Se você
está lendo este texto significa que está entre os 26% da população que atingiu
o alfabetismo pleno. Você conquistou e dominou uma das tecnologias mais
sofisticadas e refinadas que o processo civilizatório desenvolveu. Compreende que
a leitura é emancipadora, libertadora, iluminadora e nos permite observar a
vida através de muitos outros olhares, o que nos amplia a visão de mundo.
Mas,
segundo a recente pesquisa da Ação Educativa e do Instituto Paulo Montenegro,
juntamente com o Ibope, 32,5 milhões de brasileiros acima de 15 anos são
analfabetos funcionais, ou seja, apenas decodificam as palavras, mas são
incapazes de compreender o que leem e de usar a leitura e a escrita como
instrumentos de ação efetiva em suas práticas sociais.

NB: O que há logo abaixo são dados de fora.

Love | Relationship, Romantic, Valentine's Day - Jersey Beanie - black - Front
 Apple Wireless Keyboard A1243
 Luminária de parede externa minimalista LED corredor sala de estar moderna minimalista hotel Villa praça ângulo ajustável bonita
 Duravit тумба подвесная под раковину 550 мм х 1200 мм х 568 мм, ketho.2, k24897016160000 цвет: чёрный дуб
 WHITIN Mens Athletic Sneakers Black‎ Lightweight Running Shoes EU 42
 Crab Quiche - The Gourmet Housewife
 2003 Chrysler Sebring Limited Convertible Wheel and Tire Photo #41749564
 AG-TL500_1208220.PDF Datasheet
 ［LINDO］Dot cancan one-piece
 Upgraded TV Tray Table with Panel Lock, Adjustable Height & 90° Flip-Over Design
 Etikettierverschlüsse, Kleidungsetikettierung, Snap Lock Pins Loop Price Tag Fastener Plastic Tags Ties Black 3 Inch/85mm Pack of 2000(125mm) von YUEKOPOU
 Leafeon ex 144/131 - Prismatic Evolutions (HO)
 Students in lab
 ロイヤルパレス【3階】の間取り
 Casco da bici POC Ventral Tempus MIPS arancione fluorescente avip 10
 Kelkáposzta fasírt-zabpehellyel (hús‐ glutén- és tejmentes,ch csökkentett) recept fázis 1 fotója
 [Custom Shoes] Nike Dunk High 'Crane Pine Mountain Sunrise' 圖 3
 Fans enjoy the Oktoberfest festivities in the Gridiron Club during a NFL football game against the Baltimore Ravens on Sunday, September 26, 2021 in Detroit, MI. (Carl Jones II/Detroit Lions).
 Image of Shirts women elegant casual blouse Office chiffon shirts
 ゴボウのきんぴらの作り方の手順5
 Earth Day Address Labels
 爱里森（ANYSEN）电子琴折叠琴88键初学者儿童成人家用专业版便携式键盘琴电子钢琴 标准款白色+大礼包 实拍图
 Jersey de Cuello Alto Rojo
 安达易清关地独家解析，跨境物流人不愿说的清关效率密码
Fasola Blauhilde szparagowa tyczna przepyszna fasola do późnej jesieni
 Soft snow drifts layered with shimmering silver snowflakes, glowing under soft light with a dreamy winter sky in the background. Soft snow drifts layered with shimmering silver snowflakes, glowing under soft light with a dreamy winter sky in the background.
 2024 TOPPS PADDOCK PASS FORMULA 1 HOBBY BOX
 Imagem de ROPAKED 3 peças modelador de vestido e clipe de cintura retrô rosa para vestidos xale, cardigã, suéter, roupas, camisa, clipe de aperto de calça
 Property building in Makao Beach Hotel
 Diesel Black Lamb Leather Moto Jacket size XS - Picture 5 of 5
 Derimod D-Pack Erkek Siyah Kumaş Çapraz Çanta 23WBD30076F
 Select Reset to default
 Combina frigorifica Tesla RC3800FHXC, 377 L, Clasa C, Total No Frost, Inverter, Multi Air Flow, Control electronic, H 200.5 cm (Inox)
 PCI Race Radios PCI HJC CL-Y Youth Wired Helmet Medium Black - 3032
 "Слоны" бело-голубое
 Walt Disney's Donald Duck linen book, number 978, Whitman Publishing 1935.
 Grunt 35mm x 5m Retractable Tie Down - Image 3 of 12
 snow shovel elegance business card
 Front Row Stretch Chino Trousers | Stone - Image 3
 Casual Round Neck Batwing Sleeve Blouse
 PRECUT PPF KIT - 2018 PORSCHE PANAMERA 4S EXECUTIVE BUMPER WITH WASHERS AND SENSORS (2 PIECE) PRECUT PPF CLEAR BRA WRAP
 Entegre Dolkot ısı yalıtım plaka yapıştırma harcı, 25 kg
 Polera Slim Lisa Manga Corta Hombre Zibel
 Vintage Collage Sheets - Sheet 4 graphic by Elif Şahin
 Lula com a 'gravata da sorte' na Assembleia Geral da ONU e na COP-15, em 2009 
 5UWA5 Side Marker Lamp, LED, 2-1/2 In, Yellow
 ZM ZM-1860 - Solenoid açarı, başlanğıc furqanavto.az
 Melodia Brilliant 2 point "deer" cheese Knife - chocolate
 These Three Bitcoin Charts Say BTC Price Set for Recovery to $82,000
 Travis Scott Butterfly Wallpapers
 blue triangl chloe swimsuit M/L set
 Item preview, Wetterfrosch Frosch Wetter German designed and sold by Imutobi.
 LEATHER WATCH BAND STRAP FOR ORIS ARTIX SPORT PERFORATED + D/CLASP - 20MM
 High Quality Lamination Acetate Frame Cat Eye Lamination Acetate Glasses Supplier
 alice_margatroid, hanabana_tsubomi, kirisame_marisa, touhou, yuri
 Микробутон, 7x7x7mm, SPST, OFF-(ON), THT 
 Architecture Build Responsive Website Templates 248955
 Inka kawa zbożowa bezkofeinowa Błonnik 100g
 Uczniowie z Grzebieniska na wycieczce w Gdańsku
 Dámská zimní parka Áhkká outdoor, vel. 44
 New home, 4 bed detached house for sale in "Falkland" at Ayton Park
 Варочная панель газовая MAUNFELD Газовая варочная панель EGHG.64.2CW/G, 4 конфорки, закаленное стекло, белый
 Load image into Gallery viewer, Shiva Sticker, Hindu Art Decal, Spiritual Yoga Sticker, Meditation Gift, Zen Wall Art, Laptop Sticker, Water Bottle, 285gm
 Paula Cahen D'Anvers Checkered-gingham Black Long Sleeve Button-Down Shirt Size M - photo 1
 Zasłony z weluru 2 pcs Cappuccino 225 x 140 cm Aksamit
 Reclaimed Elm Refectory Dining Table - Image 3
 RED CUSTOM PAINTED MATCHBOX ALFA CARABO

E, mais grave, o ensino
universitário não assegura uma solução, pois 38% dos portadores de diploma de
curso superior não alcançam o nível de alfabetização plena.
Esses
dados não são surpreendentes em um país de não leitores. A pesquisa Retratos da
Leitura no Brasil 2011, do Instituto Pró-Livro, mostrou que 50% dos brasileiros
não têm o costume de ler, 75% da população nunca entrou numa biblioteca e a
média de livros por habitante/ano é 4, inclusive os didáticos; sem os didáticos,
a leitura cai para 1 livro por habitante/ano. Em países de primeiro mundo, os
índices indicam mais de 10 livros por habitante/ano. Se considerarmos que a
leitura é um fator essencial para o desenvolvimento humano, social e econômico
de um país, pois o avanço tecnológico depende de qualificação e a qualificação
está ligada à habilidade de leitura, encontramos um dos motivos do nosso
atraso.
É
urgente reverter o quadro da leitura no Brasil. Mas dominar essa competência
envolve um percurso, muitas vezes descontínuo e cheio de obstáculos, e qualquer
iniciativa em direção ao estímulo à leitura deve envolver diversos agentes e
diferentes segmentos sociais: famílias, escolas, professores, bibliotecários, autores,
meios de comunicação, governo.
O
desenvolvimento da leitura depende de: convívio contínuo com histórias, livros
e leitores, desde a primeira infância; valorização da leitura pelo grupo
social; disponibilidade de acervo de qualidade e adequado aos horizontes de
desejo e aos diferentes estágios de leitura dos leitores; tempo para ler, sem
interrupções; ambiente de segurança psicológica e de tolerância dos educadores
em relação ao percurso individual de superação de dificuldades; e oportunidades
para expressar e compartilhar interpretações e emoções vividas nas experiências
de leitura.
O ato
de ler, seja um texto informativo ou de Guimarães Rosa, é, simultaneamente, uma
atividade individual única e uma experiência interpessoal profunda e intensa,
um exercício dialógico ímpar, pois entre leitor e texto desencadeia-se um
processo de decifração, interpretação, reflexão e reavaliação de conceitos
absolutamente renovado a cada leitura.
A
leitura exige procedimentos mentais complexos que são construídos pela mediação
do outro: o pensamento abstrato, a memorização, a atenção voluntária, o
comportamento intencional, as ações conscientemente controladas, a
generalização, as associações, o planejamento, as comparações, ou seja, as
funções superiores da mente que nos fazem humanos, como afirma Vygotsky.
Nem sempre é um
procedimento fácil. Faz inúmeras solicitações simultâneas ao cérebro. Desde a
decodificação de signos, interpretação de itens lexicais e gramaticais,
agrupamento de palavras em blocos conceituais, identificação de palavras-chave,
seleção e hierarquização de ideias, associação com informações anteriores,
antecipação de informações, elaboração e reconsideração de hipóteses,
construção de inferências, compreensão de pressupostos, controle de velocidade,
focalização da atenção, avaliação do processo realizado, até a reorientação dos
próprios procedimentos mentais para a compreensão efetiva e responsiva,
realiza-se um complexo processo cognitivo. E ler se aprende lendo.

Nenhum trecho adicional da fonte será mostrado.